Work required:
Would you please print exactly the lines that run from the one with "Merry Christmas PNG, Trendy" to the last line of the data, both included, without any pictures?

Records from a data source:
↓
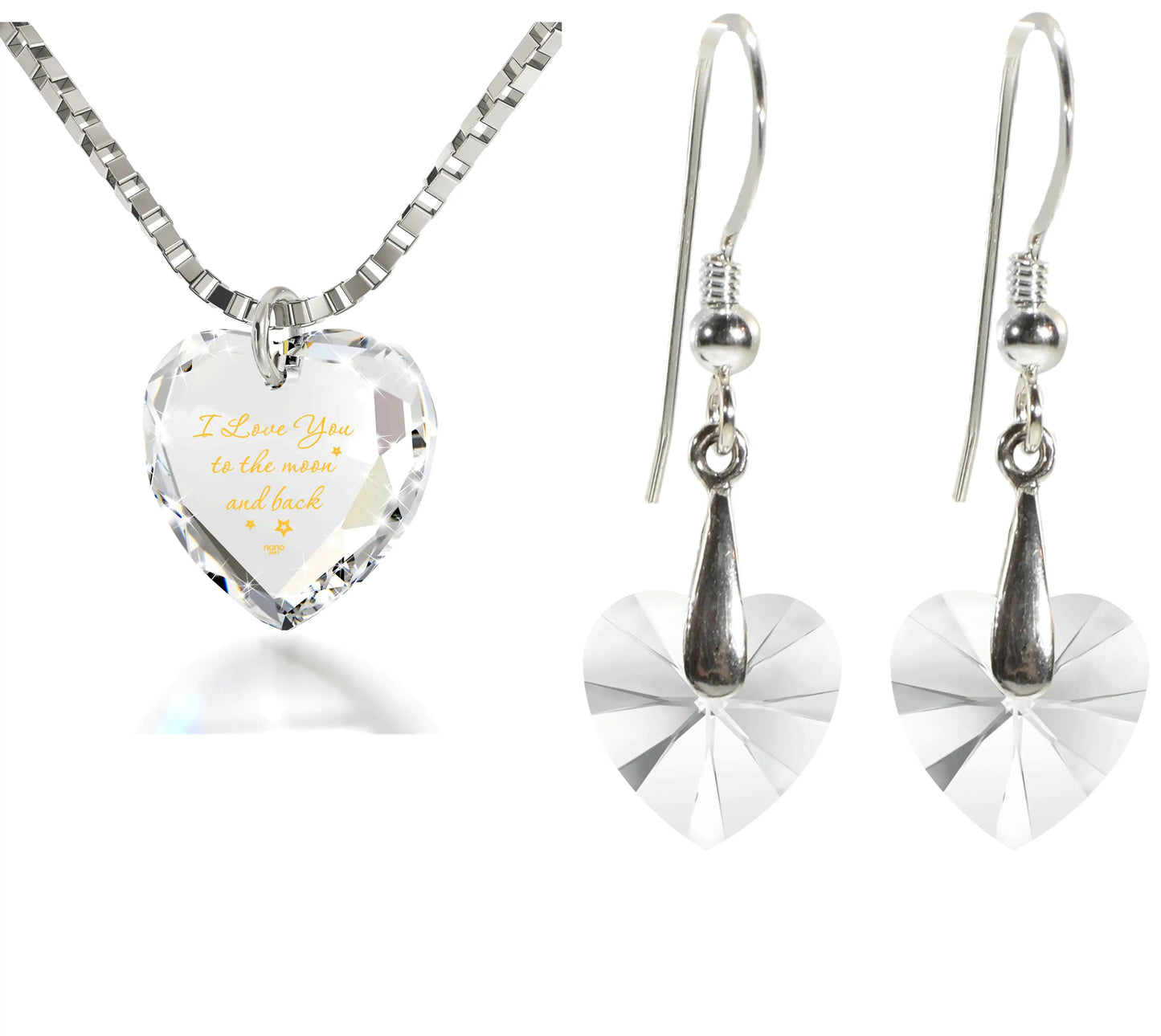 Tiny Heart Jewelry Set 24k Gold Inscribed I Love You to the Moon and Back Necklace and Drop Earrings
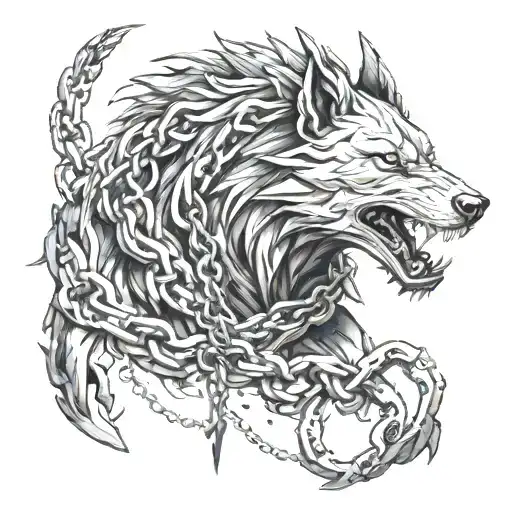 Vigvisir from which Fenrir's body and head emerge, he is also chained, but broken chains are visible tattoo design idea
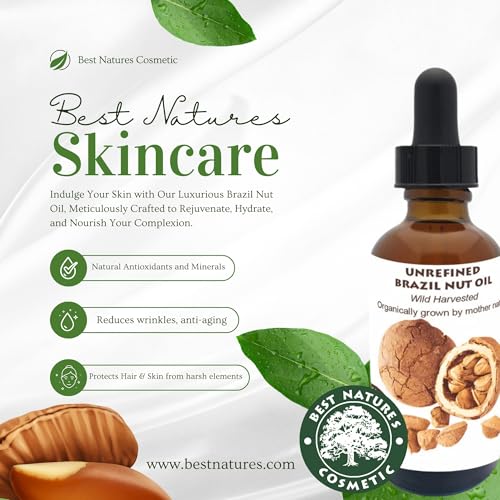 Best Nature's Cosmetics Virgin Organic Brazil Nut Oil Moisturizer for Skin and Hair, 1 Fl Oz
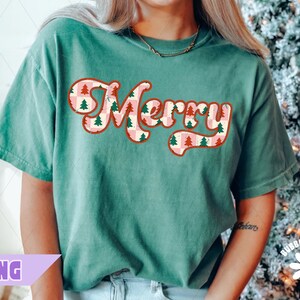 Merry Christmas PNG, Trendy Retro Merry PNG, Textured Christmas Sublimation, Festive Shirt Design, Cute Checkered Xmas Png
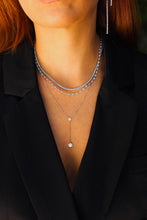 Tennis necklace con aguamarinas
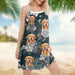 GeckoCustom Custom Dog Photo With Flower Pattern Women's Sleeveless Cami Dress N304 889412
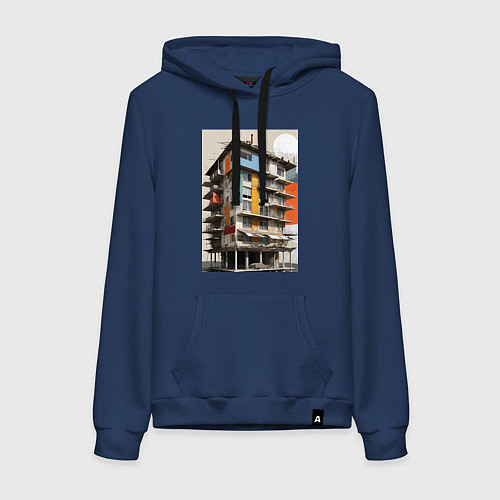 Женская толстовка-худи Старая панелька / Тёмно-синий – фото 1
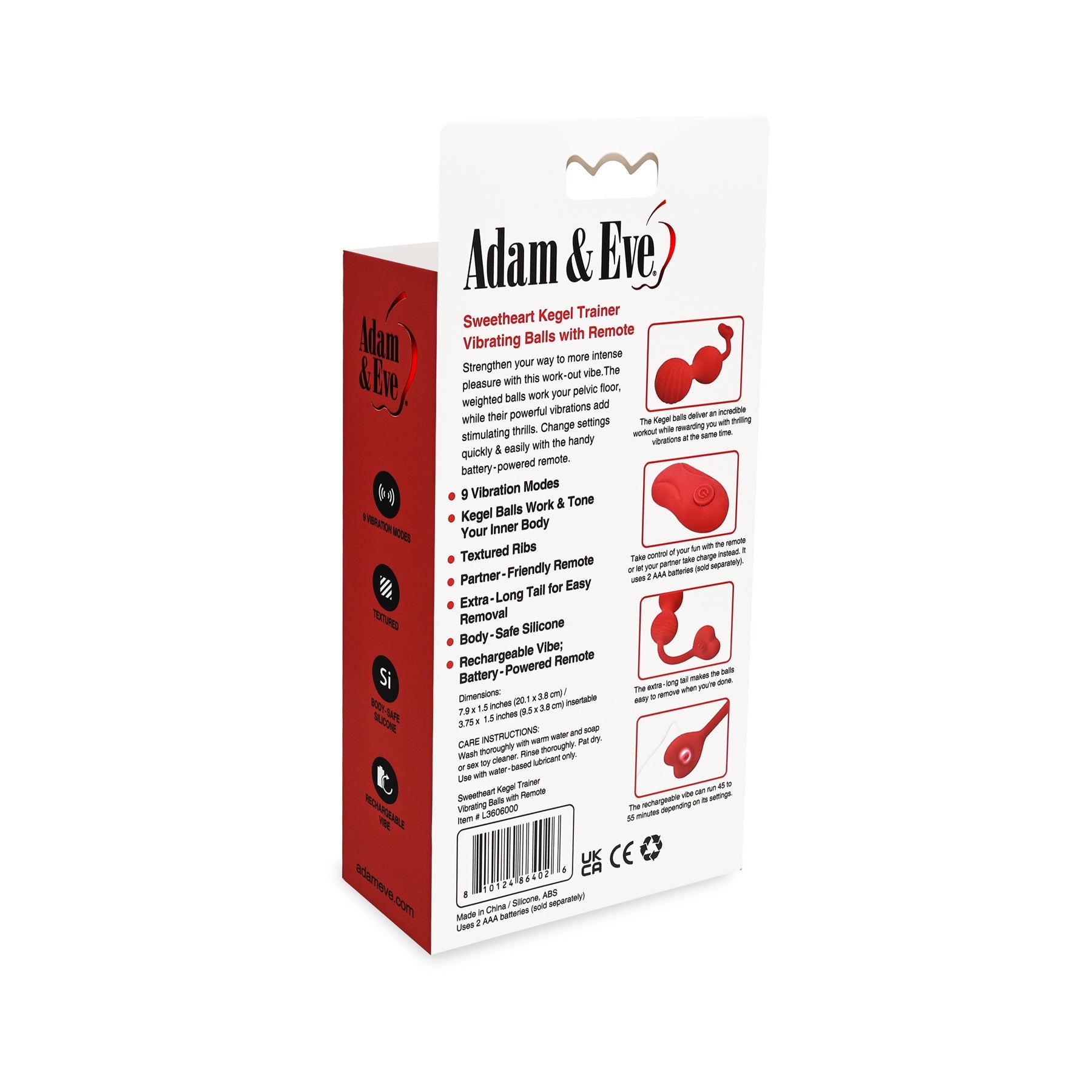 Adam & Eve Sweetheart Kegel Trainer Vibrating Balls – Red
↑
Output below:
 Merry Christmas PNG, Trendy Retro Merry PNG, Textured Christmas Sublimation, Festive Shirt Design, Cute Checkered Xmas Png
 Tennis necklace con aguamarinas
 GeckoCustom Custom Dog Photo With Flower Pattern Women's Sleeveless Cami Dress N304 889412
 Женская толстовка-худи Старая панелька / Тёмно-синий – фото 1
 Adam & Eve Sweetheart Kegel Trainer Vibrating Balls – Red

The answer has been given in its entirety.